Because of the way the education system in Bangladesh has evolved, poor children face serious obstacles to education. Schools depend on parents or outside tutoring for much of children's instruction. Parents are held fully responsible for the child's achievement, although many poor parents are illiterate and can neither tutor their children nor pay for tutors. In addition, many parents want their children to help at home after school, leaving the children no time for homework.

These problems, coupled with cultural norms, mean that many grown women in Bangladesh are extremely uneducated. Given the traditional conservative culture, women in most families are captive in domestic or household jobs, unable to get even basic schooling. Sobhan deals with the obstacles to both women and poor children.

The Strategy

Sobhan's strategy includes redistributing the three to four hours that students normally spend in school. Whereas most government schools have classes of thirty minutes each, his method doubles class time. The hour is carefully broken down into: a review of the previous lesson, presenting the new lesson, and evaluation. He also splits the class into small groups, designating individual students as group leaders. This approach builds leadership skills and confidence and encourages student attendance.

In addition to reforming the academic system in the schools, Sobhan has launched several complementary school-based programs to motivate and educate the students, and aid them financially. A school co-op store buys school materials wholesale, sells them at bargain prices, and distributes dividends at the end of the year among those children still enrolled in school. A tree nursery and planting program serves similar ends while helping to slow deforestation.

Sobhan has initiated several other community-outreach programs as well. During the flooding in early Fall 1988, Sobhan formed what became the first local non-governmental voluntary relief assistance to distribute food and medicine to the victims. He researched the malnutrition crisis in Bangladesh, and has created school-based poultry farms whose purpose is to teach children poultry farming. In addition, he has organized the attendance of about 3000 Imams (Muslim priests) to participate in a series of training sessions which focus on the reduction of illiteracy among adults and those children who attend Islamic schools.

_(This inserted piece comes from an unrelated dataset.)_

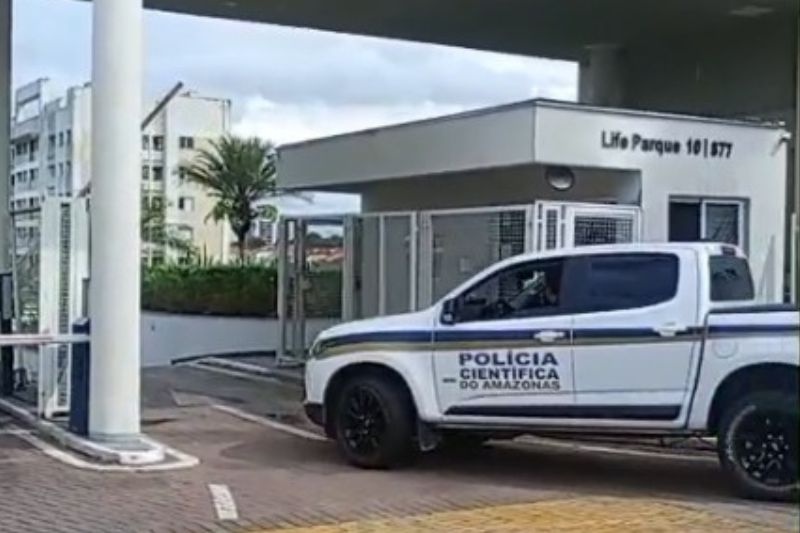 Pietro Farias da Silva, de 11 anos, não resitiu e morreu no local (Foto: WhatsApp/Reprodução)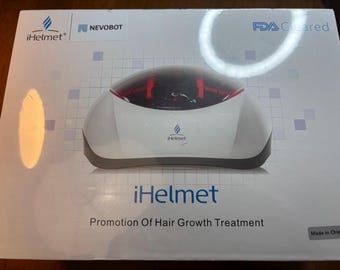 iHelmet by Nevobot (Pink)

Educators' responses to the ASBE methods have been overwhelmingly favorable. Sobhan began work in 1978 with three teachers and 75 students. In 1984, the government of Bangladesh gave him all 110 schools in Tangile District. A year later they gave him an additional 1,180 schools. That year, 960 teachers were trained, funded partly by UNESCO. In 1985, another 1,780 primary schools adopted Sobhan's methods. By July 1986, the Bangladeshi New Nation newspaper estimated that 14,500 students were benefiting from the new system. Sobhan claims to have organized training for 1,380 additional teachers in 1987. By the mid 1990s, in the face of a notoriously stiff bureaucracy, he managed to persuade over 7,000 schools to adopt his approach, and the government recommended national application of his innovations.

Additionally, at the beginning of 1995 the new governor of the state of Brasilia in central Brazil announced in his inauguration that he would bring this "Bangladesh Model" to his state.